'''
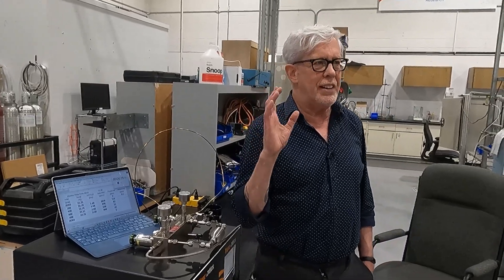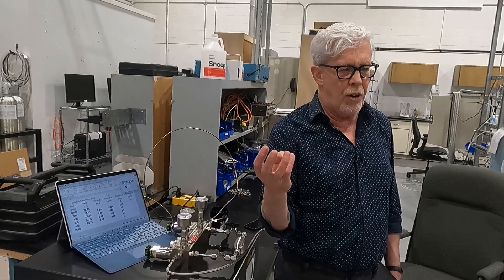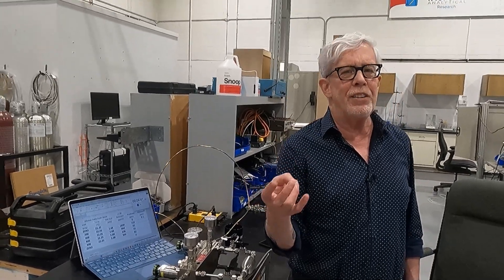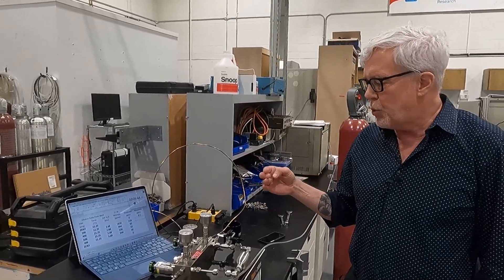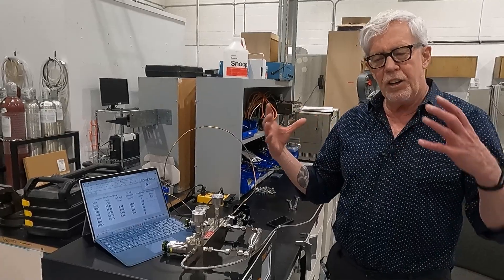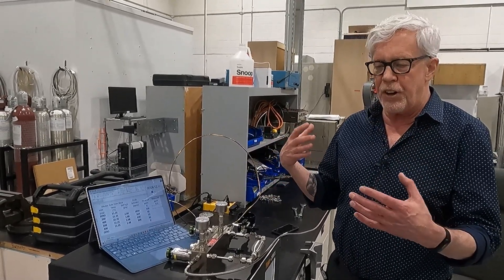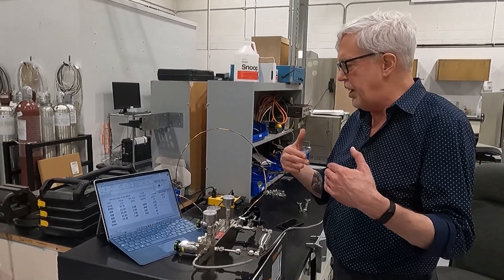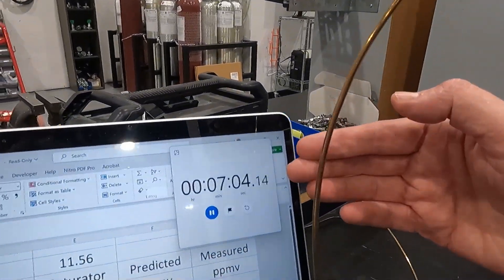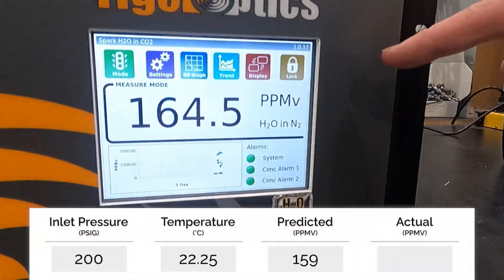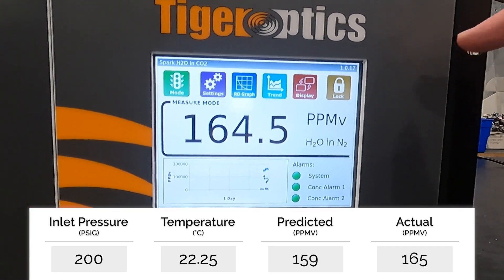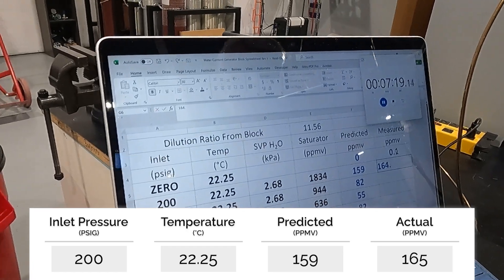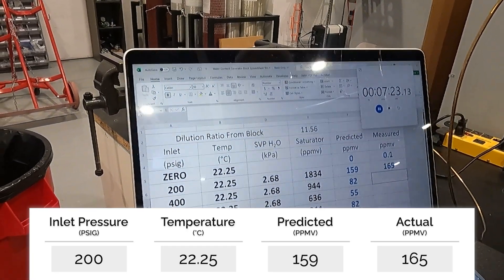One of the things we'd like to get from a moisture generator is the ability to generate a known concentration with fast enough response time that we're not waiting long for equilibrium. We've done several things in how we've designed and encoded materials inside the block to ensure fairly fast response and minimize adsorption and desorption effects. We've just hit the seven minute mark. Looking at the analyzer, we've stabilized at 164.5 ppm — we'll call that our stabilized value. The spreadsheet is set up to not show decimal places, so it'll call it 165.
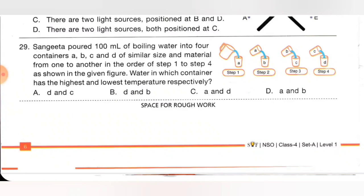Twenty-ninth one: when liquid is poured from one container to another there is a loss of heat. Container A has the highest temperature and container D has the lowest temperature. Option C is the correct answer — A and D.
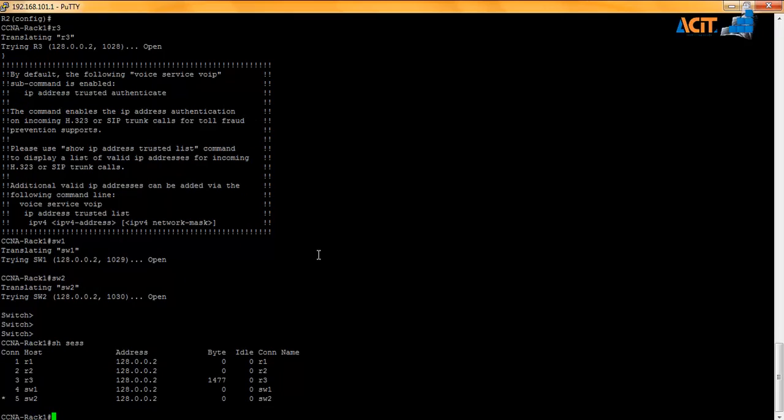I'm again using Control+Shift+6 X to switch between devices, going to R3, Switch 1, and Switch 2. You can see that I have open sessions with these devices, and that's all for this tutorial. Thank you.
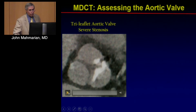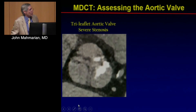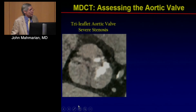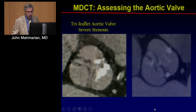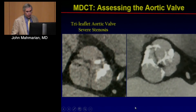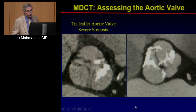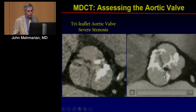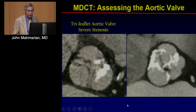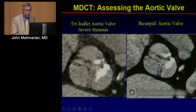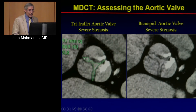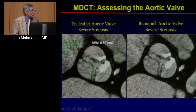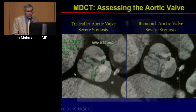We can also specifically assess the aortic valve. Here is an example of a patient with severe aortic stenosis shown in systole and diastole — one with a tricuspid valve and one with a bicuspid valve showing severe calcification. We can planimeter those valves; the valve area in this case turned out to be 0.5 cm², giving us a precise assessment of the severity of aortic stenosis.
'''
'''
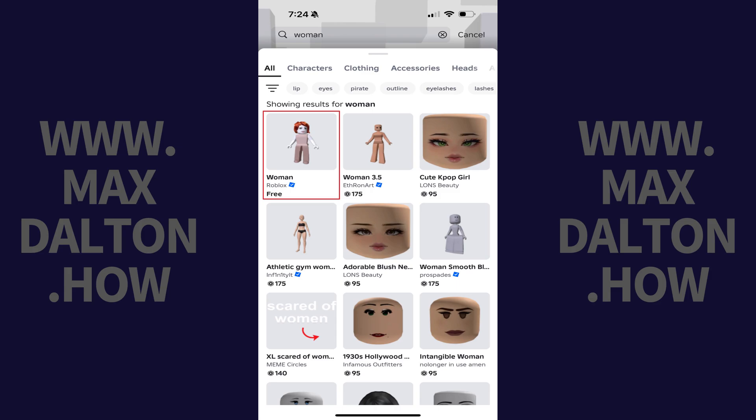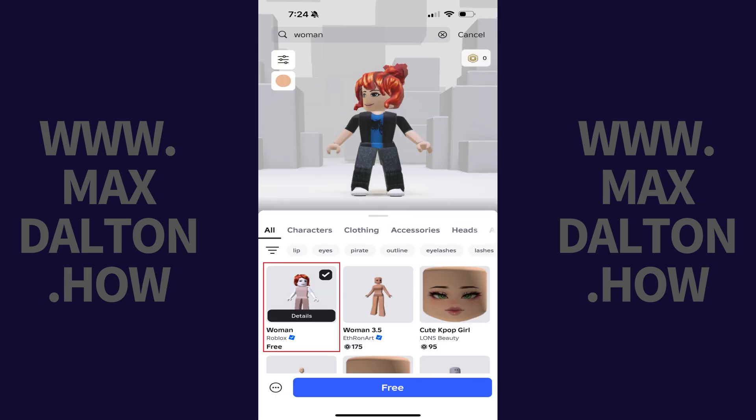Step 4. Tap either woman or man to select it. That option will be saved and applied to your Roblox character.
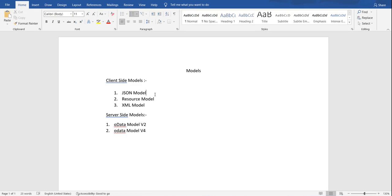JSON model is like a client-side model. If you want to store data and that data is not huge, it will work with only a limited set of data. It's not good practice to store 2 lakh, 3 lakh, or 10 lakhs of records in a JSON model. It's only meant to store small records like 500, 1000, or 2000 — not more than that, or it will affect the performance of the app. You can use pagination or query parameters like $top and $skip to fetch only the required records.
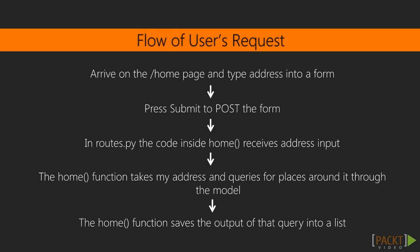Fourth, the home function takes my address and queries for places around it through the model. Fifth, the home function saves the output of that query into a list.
'''
THE TASK - Set down again, word for word, every line from the one with "JSON model is" to the one with "Fourth, the home" in the entries above, and omit the pictures.

ANSWER SECTION -
JSON model is like a client-side model. If you want to store data and that data is not huge, it will work with only a limited set of data. It's not good practice to store 2 lakh, 3 lakh, or 10 lakhs of records in a JSON model. It's only meant to store small records like 500, 1000, or 2000 — not more than that, or it will affect the performance of the app. You can use pagination or query parameters like $top and $skip to fetch only the required records.
Fourth, the home function takes my address and queries for places around it through the model. Fifth, the home function saves the output of that query into a list.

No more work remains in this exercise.